Suave, el viento atraviesa La Ampuyenta sin interrumpir su sueño infinito, conociendo los secretos que guarda cada rincón de este lugar, cuyos cimientos lucen como vestigios de un pasado que pocos saben que miraba al futuro. Hoy, en ‘Los Tesoros de Fuerteventura’ hemos abierto el enigma de una de las casas de este pueblo: la del Fray Andresito.

El 10 de noviembre de 1800 nació en La Ampuyenta Andrés Antonio María de los Dolores García Acosta, apodado Fray Andresito en Chile, como es más conocido. Los estudios reflejados en Fray Andresito: un santo sin altar, de Patricia Sacoto Aizaga, describen a esta figura de la historia majorera como una persona ejemplar y humilde que desde niño ya mostraba gran apego a la oración, un hábito que inculcaba a todos los jóvenes de su localidad. Incluso, este santo cuenta que una vez sintió cómo la mano de dios le ayudaba cuando estaba a punto de desfallecer salvando a una cabra que se había despeñado. En 1833, dado la pobreza de la tierra seca de Fuerteventura, Fray Andresito se embarca hacia Uruguay y después a Chile, “país donde dejó una huella de santidad” (Sacoto). Finalmente, muere el 4 de enero de 1853 a causa de una pulmonía.

La casa en la que creció Fray Andresito en La Ampuyenta presenta las características tradicionales de la arquitectura majorera, dado que no tiene ventanas, cuenta con una puerta y el material fundamental con el que se elaboró la vivienda es de piedra seca.
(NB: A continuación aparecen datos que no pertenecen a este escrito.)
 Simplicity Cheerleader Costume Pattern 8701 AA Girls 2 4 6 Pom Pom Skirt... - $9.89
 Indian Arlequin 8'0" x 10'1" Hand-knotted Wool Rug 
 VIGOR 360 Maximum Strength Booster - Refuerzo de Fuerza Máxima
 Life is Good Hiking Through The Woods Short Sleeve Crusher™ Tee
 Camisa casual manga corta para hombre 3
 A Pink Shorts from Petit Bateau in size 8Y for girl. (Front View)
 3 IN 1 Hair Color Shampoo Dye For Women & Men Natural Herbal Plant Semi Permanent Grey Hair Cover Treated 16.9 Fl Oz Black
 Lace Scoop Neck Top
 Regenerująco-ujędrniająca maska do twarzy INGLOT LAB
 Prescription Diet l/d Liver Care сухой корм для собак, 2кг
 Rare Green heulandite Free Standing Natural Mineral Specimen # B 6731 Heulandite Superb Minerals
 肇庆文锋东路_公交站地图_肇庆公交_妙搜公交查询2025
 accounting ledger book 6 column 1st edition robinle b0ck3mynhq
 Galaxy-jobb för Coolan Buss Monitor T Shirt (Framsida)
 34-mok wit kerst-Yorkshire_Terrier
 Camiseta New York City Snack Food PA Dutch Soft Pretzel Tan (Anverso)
Además, el techo está levantado a base de una mezcla de tierra y sobrantes de lo que quedaba del trillado de cebada y trigo, de acuerdo con Sacoto.

En la actualidad, la casita donde se crió Fray Andresito es un oratorio en honor a su persona y muestra en sus paredes fragmentos de su biografía que el público general puede leer cuando lo visite. Además, cada 14 de enero, escribe Sacoto que “los fieles majoreros honran su memoria en la Eucaristía y la procesión para impetrar por la pronta beatificación de Frailito Andrés, ese pastorcillo de las montañas”.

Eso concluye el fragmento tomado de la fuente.